For instance: this skirt is too loose for me, or the screw is loose.
Affect and effect
This is a very common mistake, and the difference between the two words is quite subtle.
Affect means "to have an effect upon" or to "make a difference to", as in "the weather affects my mood", "he was affected by the news".
An effect (used as a noun) is a change as the result of something happening. For example, "the effect of the recession on house prices". Effect can also be used as a verb meaning to bring about an action or change, for example "to effect a change in policies".
There, their, they're
These three are sometimes mistakenly used in place of each other, and while they sound the same the meanings are quite different.
There means the location, for example "he is over there".
Their means belonging to them, for example "it is their house".
They're is short for "they are", for example "they're coming to tea".
Led and lead
I think the confusion here arises from the different meanings and pronunciations of the word lead. When we are talking about lead the metal (noun), it is pronounced like the verb led. However, when we mean the verb lead it is pronounced "leed", and the past tense of this verb is led. Confused? Here are some examples:
"this will put some lead in your pencil", or "it felt as heavy as lead" (where lead is the noun)
"you lead the way", or "I will lead you to victory" (where lead is the verb, in present or future tense)
"he led them to victory" or "I was led astray" (where led is the past tense of the verb).
Its and it's
A simple little mistake that crops up again and again:
we use its when we mean belonging to it, for example "the dog hurt its leg"
and we use it's only when it is short for "it is", for example "it's never too late to learn".
Advise and advice
Advise is the verb, used like this: I would advise you to check your spelling
Advice is the noun, used like this: Let me give you some advice
And so on ...
Those above are only a few examples, but there are many more words which are easily confused in the English language, such as:
wear, where and were, which and witch, principal and principle, practise and practice, great and grate, made and maid ... the list is pretty inexhaustible. If there are any pairs of words here that you find hard to distinguish between it could be time to reach for that dictionary!

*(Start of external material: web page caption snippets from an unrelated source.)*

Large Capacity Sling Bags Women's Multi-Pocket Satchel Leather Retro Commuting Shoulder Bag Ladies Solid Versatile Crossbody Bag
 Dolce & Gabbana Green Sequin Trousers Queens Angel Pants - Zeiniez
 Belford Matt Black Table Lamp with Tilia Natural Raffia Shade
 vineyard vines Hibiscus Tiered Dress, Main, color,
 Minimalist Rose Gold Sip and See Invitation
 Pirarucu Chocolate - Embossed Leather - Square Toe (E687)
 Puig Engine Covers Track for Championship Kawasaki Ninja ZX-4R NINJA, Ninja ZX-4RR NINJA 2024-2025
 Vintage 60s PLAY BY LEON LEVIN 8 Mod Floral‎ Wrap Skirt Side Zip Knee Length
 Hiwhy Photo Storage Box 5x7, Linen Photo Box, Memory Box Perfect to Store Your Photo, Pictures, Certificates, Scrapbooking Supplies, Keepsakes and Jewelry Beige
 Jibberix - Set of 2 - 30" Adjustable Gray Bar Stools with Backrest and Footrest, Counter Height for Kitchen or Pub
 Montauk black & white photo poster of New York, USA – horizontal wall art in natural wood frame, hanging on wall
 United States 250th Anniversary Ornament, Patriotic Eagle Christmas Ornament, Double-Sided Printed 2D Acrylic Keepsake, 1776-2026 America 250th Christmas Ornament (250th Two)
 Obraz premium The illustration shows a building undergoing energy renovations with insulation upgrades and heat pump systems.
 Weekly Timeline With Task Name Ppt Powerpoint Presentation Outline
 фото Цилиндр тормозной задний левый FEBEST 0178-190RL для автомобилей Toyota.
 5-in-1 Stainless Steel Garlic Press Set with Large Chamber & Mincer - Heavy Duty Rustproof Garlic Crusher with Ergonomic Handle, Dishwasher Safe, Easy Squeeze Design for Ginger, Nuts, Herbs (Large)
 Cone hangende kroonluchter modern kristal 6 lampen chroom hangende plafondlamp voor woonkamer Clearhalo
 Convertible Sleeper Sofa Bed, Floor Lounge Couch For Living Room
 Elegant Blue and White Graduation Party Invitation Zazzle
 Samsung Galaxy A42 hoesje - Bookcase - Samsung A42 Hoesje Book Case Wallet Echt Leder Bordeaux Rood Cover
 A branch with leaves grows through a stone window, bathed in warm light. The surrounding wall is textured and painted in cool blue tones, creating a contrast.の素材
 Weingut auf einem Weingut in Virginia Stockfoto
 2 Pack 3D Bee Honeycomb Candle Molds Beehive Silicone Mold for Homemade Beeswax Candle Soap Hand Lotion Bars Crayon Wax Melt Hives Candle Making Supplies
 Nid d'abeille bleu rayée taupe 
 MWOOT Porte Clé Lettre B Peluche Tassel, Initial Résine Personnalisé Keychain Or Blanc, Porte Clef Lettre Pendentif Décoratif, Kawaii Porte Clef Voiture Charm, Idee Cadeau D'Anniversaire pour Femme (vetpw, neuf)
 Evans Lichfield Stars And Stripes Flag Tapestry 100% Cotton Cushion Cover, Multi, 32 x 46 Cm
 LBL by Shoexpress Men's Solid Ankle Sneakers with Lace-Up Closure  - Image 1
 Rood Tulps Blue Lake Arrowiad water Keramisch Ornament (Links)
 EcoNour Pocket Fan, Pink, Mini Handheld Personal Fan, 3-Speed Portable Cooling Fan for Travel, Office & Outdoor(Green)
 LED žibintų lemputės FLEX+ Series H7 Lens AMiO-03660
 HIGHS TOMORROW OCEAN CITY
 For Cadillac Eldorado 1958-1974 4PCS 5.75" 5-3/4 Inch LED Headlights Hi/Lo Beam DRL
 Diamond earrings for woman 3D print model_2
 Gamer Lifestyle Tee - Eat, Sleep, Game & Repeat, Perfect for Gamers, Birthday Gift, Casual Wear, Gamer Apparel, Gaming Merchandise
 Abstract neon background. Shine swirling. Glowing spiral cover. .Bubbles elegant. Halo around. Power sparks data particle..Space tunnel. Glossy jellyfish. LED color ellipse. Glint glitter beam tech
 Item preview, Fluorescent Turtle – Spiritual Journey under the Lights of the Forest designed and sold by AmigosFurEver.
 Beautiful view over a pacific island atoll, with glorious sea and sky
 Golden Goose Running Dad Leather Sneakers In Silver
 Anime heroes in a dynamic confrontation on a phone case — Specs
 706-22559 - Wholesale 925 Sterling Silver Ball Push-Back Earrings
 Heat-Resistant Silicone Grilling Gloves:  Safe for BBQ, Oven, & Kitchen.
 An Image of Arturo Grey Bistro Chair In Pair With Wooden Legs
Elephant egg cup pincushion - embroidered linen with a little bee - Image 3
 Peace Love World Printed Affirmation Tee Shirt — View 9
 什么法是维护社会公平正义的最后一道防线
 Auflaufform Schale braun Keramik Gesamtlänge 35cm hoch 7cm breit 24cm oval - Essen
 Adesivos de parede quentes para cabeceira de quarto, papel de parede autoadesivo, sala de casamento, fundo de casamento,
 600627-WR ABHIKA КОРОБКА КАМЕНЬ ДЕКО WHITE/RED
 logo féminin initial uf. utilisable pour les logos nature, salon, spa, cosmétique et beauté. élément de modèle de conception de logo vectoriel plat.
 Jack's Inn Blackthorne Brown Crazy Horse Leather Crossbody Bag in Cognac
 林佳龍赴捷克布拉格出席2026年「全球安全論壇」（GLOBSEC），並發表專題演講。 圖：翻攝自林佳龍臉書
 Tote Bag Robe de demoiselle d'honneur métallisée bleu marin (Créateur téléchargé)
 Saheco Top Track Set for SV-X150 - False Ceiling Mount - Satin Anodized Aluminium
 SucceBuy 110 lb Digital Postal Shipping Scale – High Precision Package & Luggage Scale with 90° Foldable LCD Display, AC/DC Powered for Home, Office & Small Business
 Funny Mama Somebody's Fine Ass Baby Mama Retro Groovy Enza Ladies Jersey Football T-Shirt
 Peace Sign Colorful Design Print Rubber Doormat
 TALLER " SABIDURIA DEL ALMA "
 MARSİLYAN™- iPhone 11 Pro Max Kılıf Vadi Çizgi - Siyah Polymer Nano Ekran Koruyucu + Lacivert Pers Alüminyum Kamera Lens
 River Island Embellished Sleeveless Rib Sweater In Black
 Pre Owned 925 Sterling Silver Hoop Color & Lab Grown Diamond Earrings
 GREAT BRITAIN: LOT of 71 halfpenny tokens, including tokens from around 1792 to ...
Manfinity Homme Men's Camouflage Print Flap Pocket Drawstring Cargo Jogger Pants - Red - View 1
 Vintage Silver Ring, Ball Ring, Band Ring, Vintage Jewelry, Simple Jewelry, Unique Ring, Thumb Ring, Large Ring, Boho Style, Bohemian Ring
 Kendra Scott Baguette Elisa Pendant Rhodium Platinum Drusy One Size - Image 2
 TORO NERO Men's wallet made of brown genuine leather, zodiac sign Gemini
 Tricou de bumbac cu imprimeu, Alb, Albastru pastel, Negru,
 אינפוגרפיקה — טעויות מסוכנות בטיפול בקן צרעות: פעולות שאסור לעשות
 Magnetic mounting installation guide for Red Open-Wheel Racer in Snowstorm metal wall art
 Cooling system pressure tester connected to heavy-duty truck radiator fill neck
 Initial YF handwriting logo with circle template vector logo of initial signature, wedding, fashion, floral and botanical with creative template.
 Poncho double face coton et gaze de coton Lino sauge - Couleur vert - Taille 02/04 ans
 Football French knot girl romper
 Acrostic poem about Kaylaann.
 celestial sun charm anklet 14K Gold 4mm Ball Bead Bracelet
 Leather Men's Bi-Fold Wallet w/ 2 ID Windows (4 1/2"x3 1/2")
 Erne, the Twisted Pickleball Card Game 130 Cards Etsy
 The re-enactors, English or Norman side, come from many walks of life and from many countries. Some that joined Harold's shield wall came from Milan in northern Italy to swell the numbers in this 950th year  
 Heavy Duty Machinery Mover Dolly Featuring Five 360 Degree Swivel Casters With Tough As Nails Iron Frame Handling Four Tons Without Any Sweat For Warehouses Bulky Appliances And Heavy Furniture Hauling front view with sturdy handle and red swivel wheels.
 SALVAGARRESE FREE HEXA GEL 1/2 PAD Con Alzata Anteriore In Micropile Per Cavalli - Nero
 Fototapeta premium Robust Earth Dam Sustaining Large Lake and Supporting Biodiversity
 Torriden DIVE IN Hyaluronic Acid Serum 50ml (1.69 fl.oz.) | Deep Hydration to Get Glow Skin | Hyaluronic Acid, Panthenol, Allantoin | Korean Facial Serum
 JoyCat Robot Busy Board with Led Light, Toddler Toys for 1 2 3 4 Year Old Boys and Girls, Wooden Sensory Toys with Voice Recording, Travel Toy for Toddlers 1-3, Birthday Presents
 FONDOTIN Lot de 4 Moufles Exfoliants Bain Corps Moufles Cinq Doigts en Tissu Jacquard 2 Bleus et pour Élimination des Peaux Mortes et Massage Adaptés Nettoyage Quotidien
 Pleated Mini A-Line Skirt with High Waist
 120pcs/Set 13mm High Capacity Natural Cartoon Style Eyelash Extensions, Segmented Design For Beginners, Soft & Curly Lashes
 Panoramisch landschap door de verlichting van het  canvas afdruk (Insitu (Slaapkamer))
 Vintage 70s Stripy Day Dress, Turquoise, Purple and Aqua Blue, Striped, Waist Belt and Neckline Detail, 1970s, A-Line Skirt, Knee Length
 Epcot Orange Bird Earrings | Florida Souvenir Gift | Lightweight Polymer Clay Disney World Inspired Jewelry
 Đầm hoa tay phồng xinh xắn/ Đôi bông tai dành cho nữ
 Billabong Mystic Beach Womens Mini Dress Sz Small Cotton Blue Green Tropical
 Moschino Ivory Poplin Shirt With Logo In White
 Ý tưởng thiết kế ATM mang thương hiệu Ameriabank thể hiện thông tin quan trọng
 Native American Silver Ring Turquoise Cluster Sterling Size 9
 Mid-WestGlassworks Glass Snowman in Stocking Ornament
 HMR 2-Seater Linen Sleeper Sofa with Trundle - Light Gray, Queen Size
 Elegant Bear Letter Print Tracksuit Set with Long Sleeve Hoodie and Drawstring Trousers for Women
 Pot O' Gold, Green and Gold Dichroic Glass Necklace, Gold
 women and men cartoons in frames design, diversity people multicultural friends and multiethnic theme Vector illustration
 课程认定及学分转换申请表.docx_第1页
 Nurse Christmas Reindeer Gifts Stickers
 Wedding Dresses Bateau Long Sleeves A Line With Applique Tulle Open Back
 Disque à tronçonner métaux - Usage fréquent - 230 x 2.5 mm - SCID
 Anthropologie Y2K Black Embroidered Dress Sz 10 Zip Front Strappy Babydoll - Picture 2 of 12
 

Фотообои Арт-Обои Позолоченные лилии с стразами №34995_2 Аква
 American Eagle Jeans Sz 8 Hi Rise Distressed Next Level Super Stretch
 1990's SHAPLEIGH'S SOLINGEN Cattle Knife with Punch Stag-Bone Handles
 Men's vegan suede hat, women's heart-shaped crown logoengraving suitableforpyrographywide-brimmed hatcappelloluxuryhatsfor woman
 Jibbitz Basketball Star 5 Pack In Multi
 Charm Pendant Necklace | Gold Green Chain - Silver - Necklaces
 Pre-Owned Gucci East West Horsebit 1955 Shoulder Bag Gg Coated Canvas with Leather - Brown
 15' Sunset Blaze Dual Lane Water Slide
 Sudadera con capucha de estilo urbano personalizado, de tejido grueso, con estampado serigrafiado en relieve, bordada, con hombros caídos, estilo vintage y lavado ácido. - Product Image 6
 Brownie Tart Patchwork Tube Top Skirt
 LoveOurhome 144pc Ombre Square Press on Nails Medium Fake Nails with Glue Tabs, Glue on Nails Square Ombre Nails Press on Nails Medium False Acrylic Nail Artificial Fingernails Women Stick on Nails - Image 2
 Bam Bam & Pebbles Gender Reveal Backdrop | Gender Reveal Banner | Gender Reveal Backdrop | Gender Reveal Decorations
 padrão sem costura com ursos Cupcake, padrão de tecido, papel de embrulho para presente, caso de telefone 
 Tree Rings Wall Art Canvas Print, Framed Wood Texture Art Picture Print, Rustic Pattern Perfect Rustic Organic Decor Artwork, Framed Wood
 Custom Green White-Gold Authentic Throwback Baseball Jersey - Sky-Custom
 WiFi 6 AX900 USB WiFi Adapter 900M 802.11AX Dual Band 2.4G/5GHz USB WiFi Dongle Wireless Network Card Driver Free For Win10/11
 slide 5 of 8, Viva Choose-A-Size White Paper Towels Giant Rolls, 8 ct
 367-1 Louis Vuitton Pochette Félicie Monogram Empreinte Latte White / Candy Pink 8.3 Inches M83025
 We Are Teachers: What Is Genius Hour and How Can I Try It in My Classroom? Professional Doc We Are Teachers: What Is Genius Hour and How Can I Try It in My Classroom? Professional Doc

- Always use the spelling and grammar check when typing in word-processing software
- Use the spell-checker provided when typing into templated software, such as the HubPages text modules (look for the ABC icon at the top of the module)
- Use a dictionary if you are not sure if you have used the correct word
- A thesaurus is also useful if you want to find an alternative word with the same meaning
- Do not publish until you have read through, and re-read your article for mistakes. I usually come back the next day and re-check before publishing, and invariably find something I'd missed the day before
- Get somebody else to read your article before publishing, they're bound to spot something you haven't noticed.
Following these few simple steps can save a lot of embarrassment, and will improve the overall quality and credibility of your articles.